In the first reading today, we must not be distracted by Isaac and his traumatic experience. That story is about Abraham. It is somewhat the same with the Gospel today. That story is about those apostles, it is not about Jesus. That voice speaks to the Apostles. Jesus already heard that voice at his Baptism.

Everything Abraham had was given to him by God. Everything, including that son who came late and marvelously into the life of Abraham and Sarah. What God asks is that Abraham return to God absolutely everything God has given him. “Do you love me enough to give it all back?” This is what God is saying to the man who once left everything at God’s request and headed out into the unknown. “Will you give back what I have given you?” This is a stunning and challenging request, and Abraham is not the only one called by God in this way.
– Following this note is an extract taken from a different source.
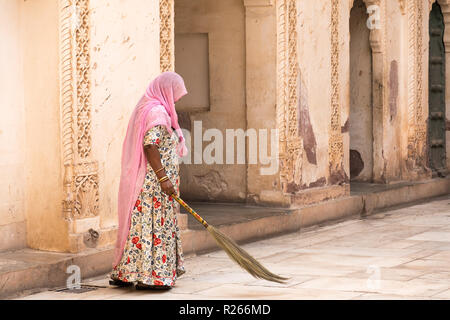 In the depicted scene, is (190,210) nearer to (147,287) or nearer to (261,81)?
(147,287)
We should sit here with a little discomfort at the realization of what this story is about because the living Word of God is spoken alive again in this place.

It is the same with Jesus Christ. In his prayer at the Last Supper he acknowledges that everything he has comes from the Father, and his deepest desire is to return it all to the Father and not lose anything the Father has given him. Peter, James, and John are the ones really transfigured on that mountain. Their lives, their faith, their hopes and dreams are now all caught up in this one who remains with them. They are now the ones being put to the test. Like Abraham, they have climbed a mountain and have heard the voice that calls out to them asking only one thing. “Will you give back to me everything I have given you?” They are now coming to realize slowly that this is what God asks of them, because this is what God asks of Jesus. Eventually, they will give back Jesus himself, and like Jesus, they will then give back to God their very lives.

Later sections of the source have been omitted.